Int Multiplication Algorithms

Overview

Multiplication of Int values automatically selects the optimal algorithm based on the operand word count. The user never needs to choose an algorithm explicitly. For small word counts the low-overhead Basecase is used, and as the size grows the algorithm switches to asymptotically faster methods.

One word = 64 bits, corresponding to roughly 19 decimal digits. For example, a 100-digit number occupies about 6 words, so Basecase is used.

For usage details, see Int API Reference — Arithmetic Operators.

Algorithm Selection and Thresholds

calx determines its thresholds based on empirical benchmarks. The following table shows the algorithm selected for $a \times b$ based on $\min(\text{words}(a), \text{words}(b))$.

The Toom-Cook-3 range of $140$–$199$ is narrow because the calx Toom-Cook-4 implementation has a smaller constant factor than Toom-Cook-3. Toom-Cook-3 splits the input into 3 parts and performs 5 multiplications, while Toom-Cook-4 splits into 4 parts and performs 7 multiplications. In terms of multiplications per split, Toom-Cook-4 is more efficient. Furthermore, calx uses addmul_1-based fixed-size evaluation and submul_1-based interpolation to greatly reduce the overhead of Toom-Cook-4.

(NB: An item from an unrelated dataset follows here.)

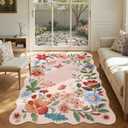 Lahome Floral Washable Rugs, 4X6 Pink Rugs for Bedroom Girls Ultra-Thin Soft Living Room Rug, Non-Slip Stain Resistant Boho Throw Carpet for ‎Nursery Office Flore, Light Pink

Basecase (Long Multiplication)

This is the same long multiplication algorithm taught in school, operating on 64-bit words. An $n$-word $\times$ $m$-word multiplication consists of $n \times m$ word multiplications and additions.

$$c = a \times b \quad \Rightarrow \quad c_k = \sum_{i+j=k} a_i \cdot b_j + \text{carry}$$

Complexity: $O(nm)$ (where $n$ and $m$ are the respective word counts)

The implementation uses the MULX instruction (BMI2) to perform 64×64→128-bit multiplication in a single instruction. The inner loop addmul_1 is optimized in hand-written MASM assembly, using MULX + ADCX/ADOX to parallelize the carry chain.

Below 22 words, the overhead of divide-and-conquer exceeds the $O(n^2)$ cost of Basecase, making Basecase the fastest choice.

Karatsuba Algorithm

A divide-and-conquer method discovered by Karatsuba in 1962. It reduces an $n$-digit multiplication to 3 multiplications of $n/2$ digits plus additions and subtractions.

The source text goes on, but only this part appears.